At times of heightened market volatility, investors often seek safe havens for their money.
Whilst no investment is entirely ‘safe’, some are considered to be ‘safer’ than others. The degree of safety varies depending on the economic outlook and market conditions.
Some new research from Skandia has found that investors sought refuge from market volatility in the second quarter by investing in cash and fixed interest funds.
Sales of UK fixed interest funds with Skandia increased by 7% compared to the previous quarter and were up 18% compared to the second quarter of 2011.
This was the most popular investment sector on the Skandia platform in the second quarter of 2012.
Cash funds also experienced a spike in investments, up 28% from the previous quarter and 100% higher than in the same period last year.
But do cash and fixed interest funds really represent a safe haven for investors?

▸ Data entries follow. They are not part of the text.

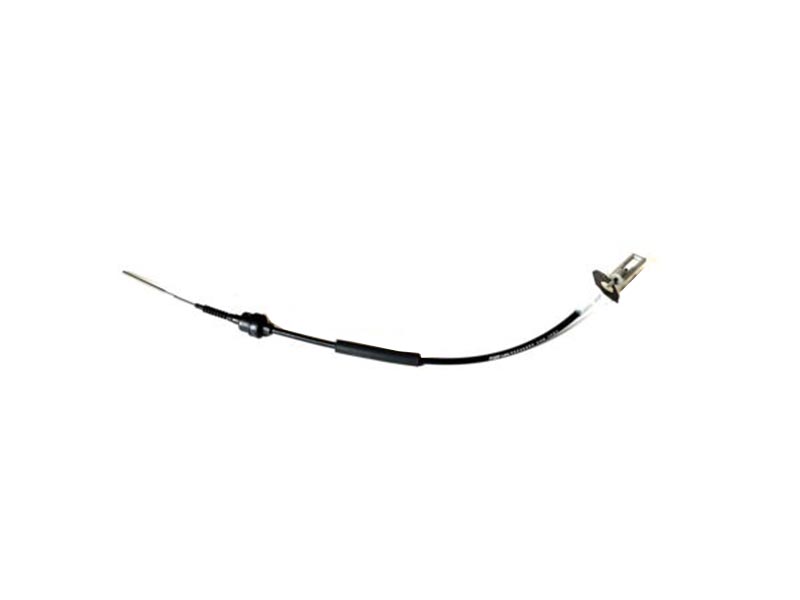 Sajla kvačila Fiat 500 312  0.9-1.2-Fiat 500C  0.9-1.2-Fiat Panda 1.2-Ford Ka 1.2-Lancia Ypsilon 843 1.2-Lancia Ypsilon 312 1.2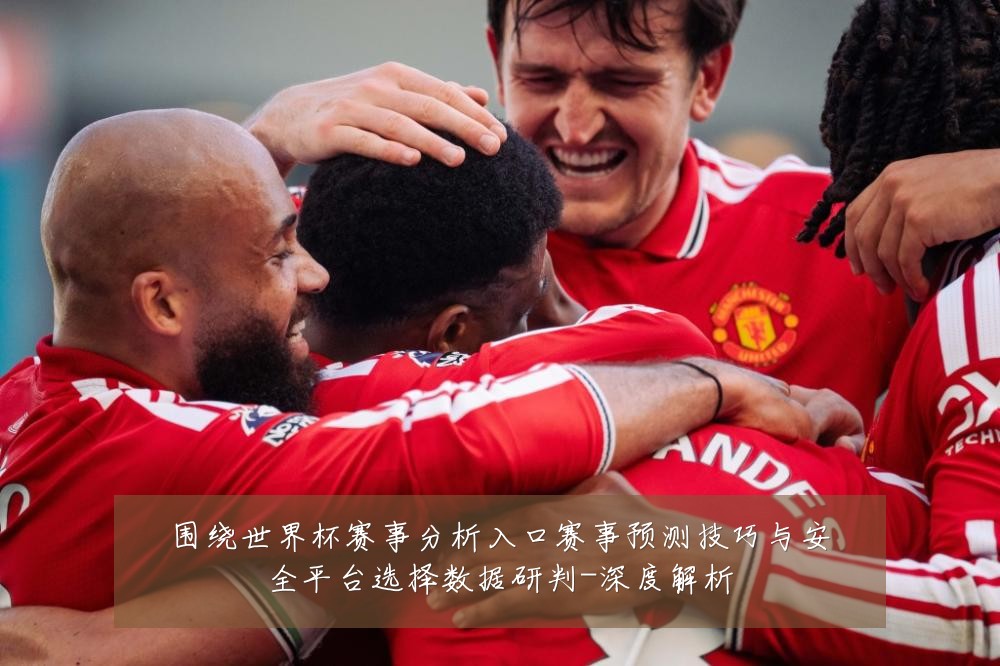 围绕世界杯赛事分析入口赛事预测技巧与安全平台选择数据研判-深度解析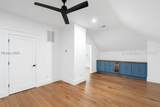 6 Winding Oak Drive - Photo 30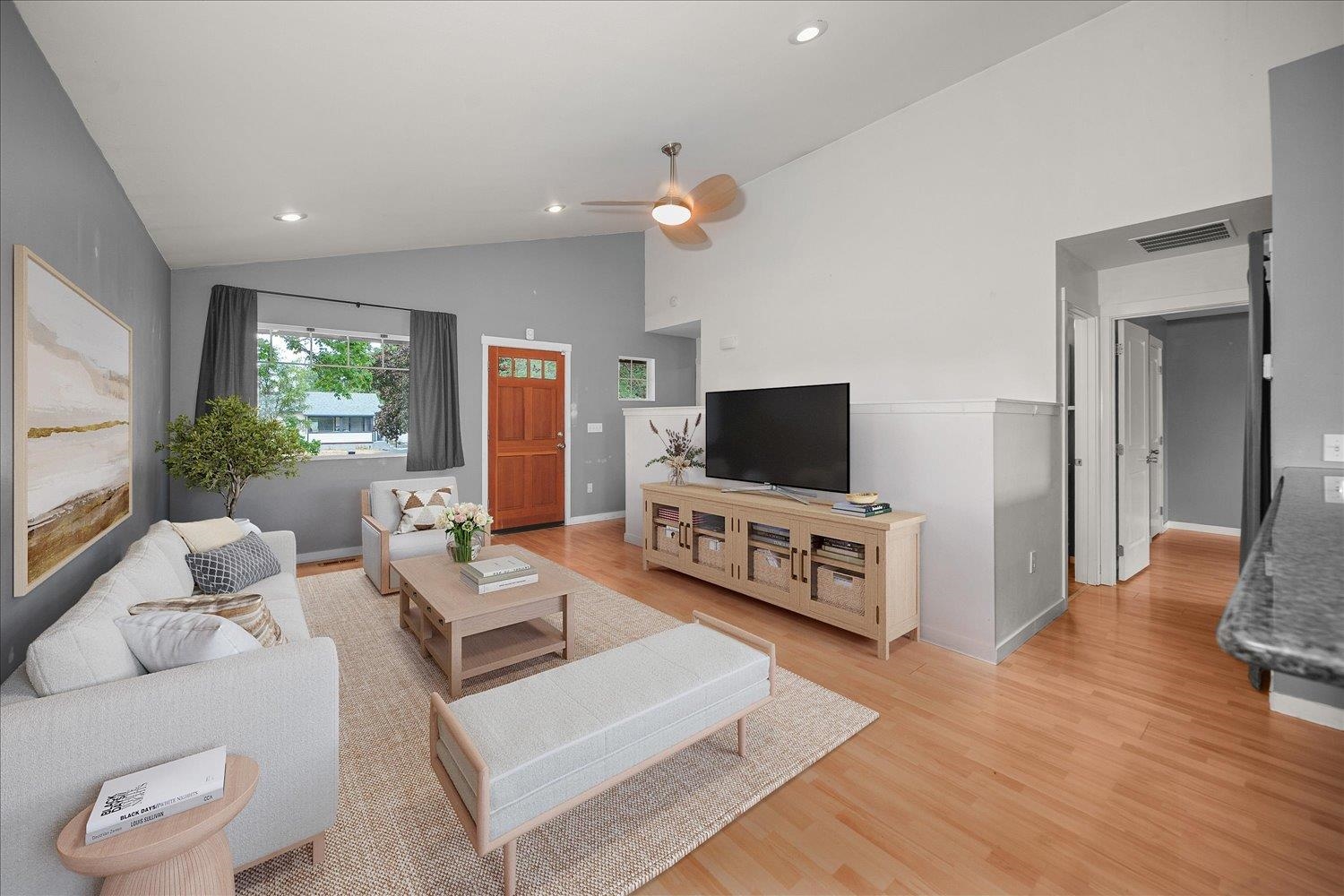 3914 E 30th Ave - Photo 7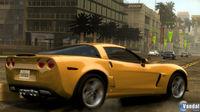 Imagen 97 de Midnight Club: Los Angeles para PlayStation 3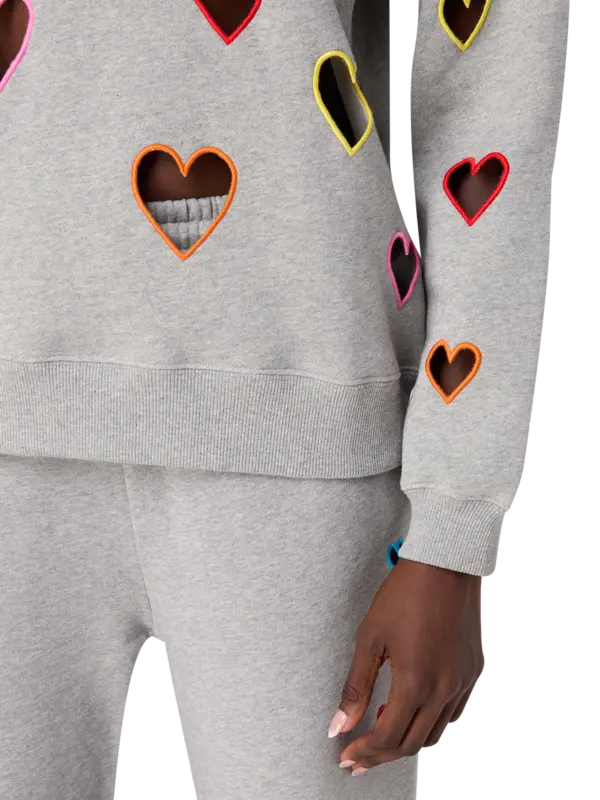 /original/SWT008A-EVER_MMKT_Grey_5.png_convert-600x800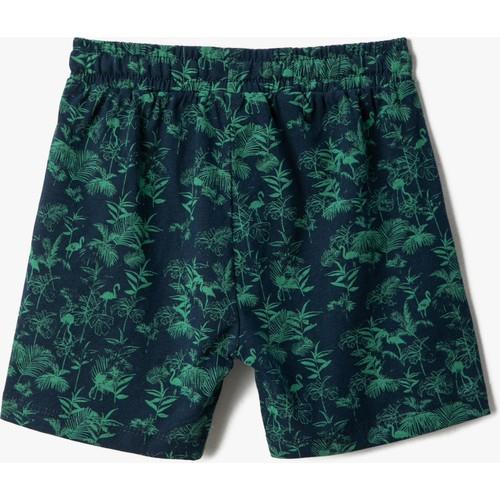 2skb40047tk-shorts-83d-b0.jpg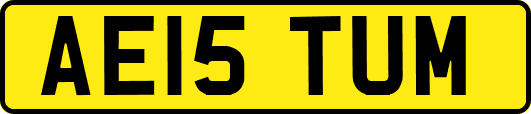 AE15TUM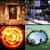 remborg thumbnail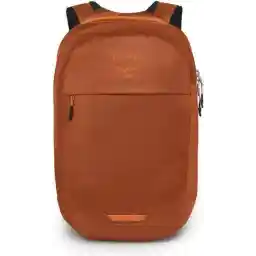Osprey Transporter Panel Loader 25l Rugzak Oranje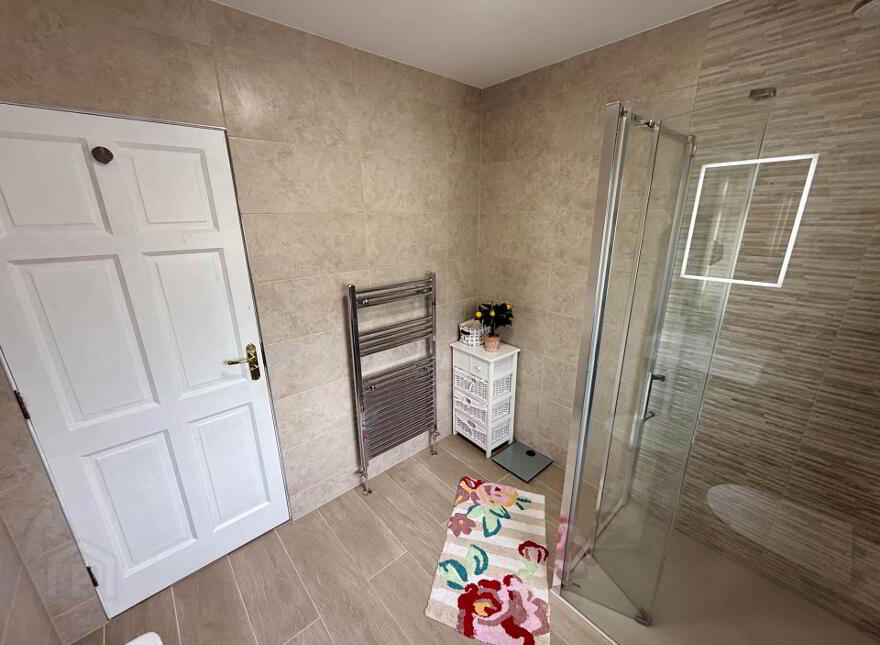 26 Deerpark Woods, Headford, H91DA3T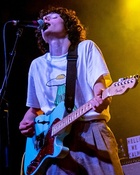 Finn Wolfhard : finn-wolfhard-1595177438.jpg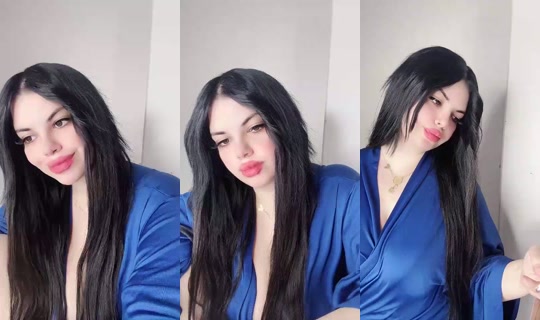 926306293 Bigo Live — Jul 27, 2026, 7:13 PM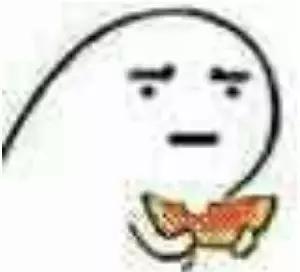 ladygaga结婚了吗,ladygaga被曝与男友订婚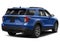 2021 Ford Explorer ST 4WD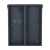 Dahua VTM29R6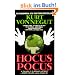 Hocus Pocus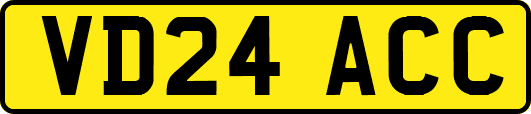 VD24ACC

Whilst cash is generally considered to be a safe haven, ignoring the impact of price inflation over time and institutional risk that is not covered by the Financial Services Compensation Scheme (FSCS), cash funds can represent a riskier option.
Investing in money market instruments, cash funds can go down as value, unlike cash savings accounts. They are very different assets.
Fixed interest funds tend to be less volatile than equities, although in the current environment with such low Gilt yields, there is a reasonably high level of downside risk for investors.
When seeking a safe haven, investors should pay more attention to the value of diversification than to the typical risk characteristics of a particular investment asset class held in isolation.